We have all been there. Our devoted posture of Immaculacy, Pureness and Self-righteousness. We give a first look at someone we assume to be not of the benchmark and immediately we set a guard around ourselves and step up with a higher approach of self dis-favor.

Sometimes, even so spiritual as thanking God for not being in that person’s shoes. But really… if anything and we are sincere with ourselves, we are truly the ones with the issue of intolerance, prejudice and unfairness. Not the other party. Why? ‘Like they know any better? That’s why they are more approachable, even during their storm!

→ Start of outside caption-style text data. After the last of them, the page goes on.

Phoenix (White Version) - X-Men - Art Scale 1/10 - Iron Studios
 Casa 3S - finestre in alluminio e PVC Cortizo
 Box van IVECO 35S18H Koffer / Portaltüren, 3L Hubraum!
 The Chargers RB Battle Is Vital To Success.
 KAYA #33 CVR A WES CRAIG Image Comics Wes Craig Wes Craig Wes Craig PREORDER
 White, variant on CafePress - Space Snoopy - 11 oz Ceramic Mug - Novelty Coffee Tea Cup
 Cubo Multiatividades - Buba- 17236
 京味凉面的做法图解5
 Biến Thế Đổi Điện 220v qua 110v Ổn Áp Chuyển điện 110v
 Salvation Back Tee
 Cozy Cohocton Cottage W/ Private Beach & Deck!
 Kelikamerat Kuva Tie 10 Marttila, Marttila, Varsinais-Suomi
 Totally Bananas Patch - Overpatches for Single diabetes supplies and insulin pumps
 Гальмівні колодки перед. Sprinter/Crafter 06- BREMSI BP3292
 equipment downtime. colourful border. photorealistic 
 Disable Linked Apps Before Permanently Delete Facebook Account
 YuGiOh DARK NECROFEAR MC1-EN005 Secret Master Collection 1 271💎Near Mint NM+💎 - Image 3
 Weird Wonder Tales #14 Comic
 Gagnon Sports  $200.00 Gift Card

Stereotyping leads to racial prejudice when people emotionally react to the name of a group, ascribe characteristics to members of that group, and then evaluate those characteristics. It reflects expectations and beliefs about the characteristics of members of groups perceived as different from one’s own, prejudice represents the emotional response, and discrimination refers to actions.

So, there’s a proverb about judging people I grew up with, from my Mother’s hometown of Delta State – (in her Ebu language): “We are ever aware and mindful of people we think we know and love, but we can never be sure of other people or a stranger’s love or feelings for us” – and till now, She will reminiscence and still talk about the importance of accepting and loving a stranger in distress – because you can never tell their story, until you are told.

But because my first visit to the shelter required me reading books and watching documentary on teenagers with stories of life on the streets, sex addiction, graffiti etc. That prepared me and took away all that was supposed to send me running back to my car or to a pity party zone. What’s inside the minds of the people we ‘hang and dismiss” is deeper and commanding than we can ever imagine. Their stories changes with a look at their heart.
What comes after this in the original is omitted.